I'd call myself a tech head but have never tried to do a RAID before. If I am wanting to do a RAID 1 (mirrored) is it possible to use a 250 GB and a 500 GB? I know that doesn't make sense because I would essentially be wasting half of my 500 GB, but for the time being I would like it to be setup like that so when I fill my 250GB I still have a backup of stuff when I get a new 250GB and do a RAID 1 with my 250GB and the new 250GB if something goes wrong I still have a backup. I will then clear off my 500GB and buy another 500GB and setup a RAID with that.
Hope that makes sense. So basically: Can you do a mirrored RAID with non-matching capacity drives?
Depends on the system. Since RAID is controlled at the hardware level, it depends on the specific RAID controller for your drives. A lot of the older controllers required matching drives, not so much for the overall acpacity of the drive, but mainly because matching drives implied matching block and sector sizes (how the data is physically broken up and written to the spinning platters). Different sized drives would require the controller to break up data into different sized blocks and sectors on the fly in real time, thus slowing performance. But as RAID controllers have increased in speed and complexity, some may handle things differently. You'll have to consult your system manuals to find out for sure.
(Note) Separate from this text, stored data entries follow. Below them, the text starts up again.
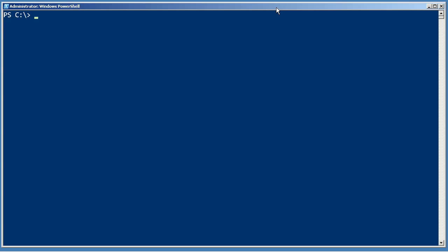So the first step is to discover what snap-ins are on my system. Get-PSSnapin, oops, Get-PSSnapin-Registered.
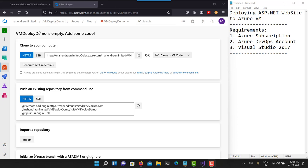Welcome to this video where I'll explain how we can use Azure DevOps CI/CD pipelines to build and deploy an ASP.NET website on an Azure virtual machine. I already have created a new empty Azure DevOps project, and as you can see on my screen, my DevOps project contains an empty Git repository. There is nothing in this Git repository — I need to make my first commit.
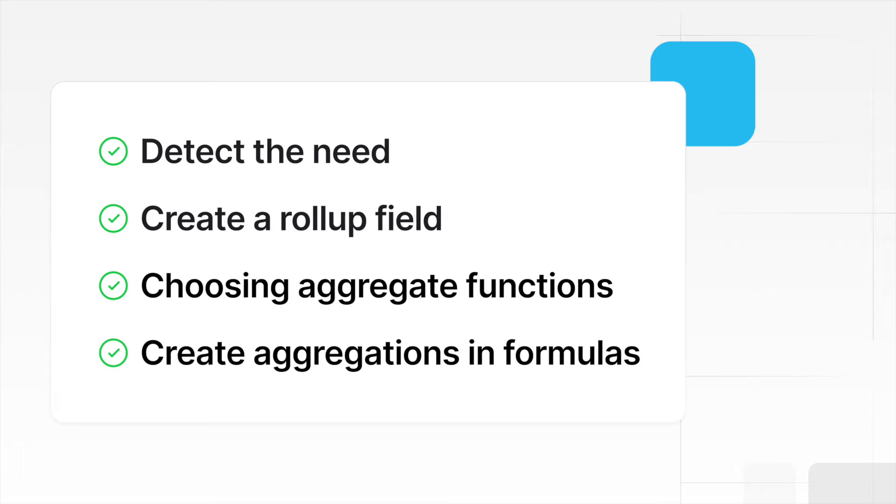This guide will teach you how to detect the need for a rollup field, create a rollup field choosing various aggregate functions, and create aggregations in formulas for even more control.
Thanks. I suppose I can just try it out and see if it works. If it does. Good! If not, I will just deal with it until the 250GB fills up, which won't be too long.
If you are running software raid, you could split your larger disk so that one partition is the same size as the smaller disk and mirror those partitions. As for the rest of the larger disk, you could use it as scratch space.
You could also skip the raid thing altogether and simply keep the same data on both disks.